### The problem
Copying exactly, give the lines in the material below from the one with "You can then" to the one with "Okay, we just", ends included, and nothing besides.

### Input
:::::

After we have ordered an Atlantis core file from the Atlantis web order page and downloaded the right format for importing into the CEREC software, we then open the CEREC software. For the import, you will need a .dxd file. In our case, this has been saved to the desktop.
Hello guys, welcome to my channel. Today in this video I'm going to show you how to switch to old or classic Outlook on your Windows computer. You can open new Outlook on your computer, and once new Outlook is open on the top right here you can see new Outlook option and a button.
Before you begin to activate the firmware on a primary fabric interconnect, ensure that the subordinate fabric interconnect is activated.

:::::

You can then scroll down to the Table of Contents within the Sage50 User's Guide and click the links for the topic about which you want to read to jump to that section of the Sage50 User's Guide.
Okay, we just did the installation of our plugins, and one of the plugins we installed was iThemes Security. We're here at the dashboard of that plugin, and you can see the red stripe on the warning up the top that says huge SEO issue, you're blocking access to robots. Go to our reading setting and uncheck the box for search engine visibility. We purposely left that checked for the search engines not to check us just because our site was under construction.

:::::

### Response area
You can then scroll down to the Table of Contents within the Sage50 User's Guide and click the links for the topic about which you want to read to jump to that section of the Sage50 User's Guide.
Okay, we just did the installation of our plugins, and one of the plugins we installed was iThemes Security. We're here at the dashboard of that plugin, and you can see the red stripe on the warning up the top that says huge SEO issue, you're blocking access to robots. Go to our reading setting and uncheck the box for search engine visibility. We purposely left that checked for the search engines not to check us just because our site was under construction.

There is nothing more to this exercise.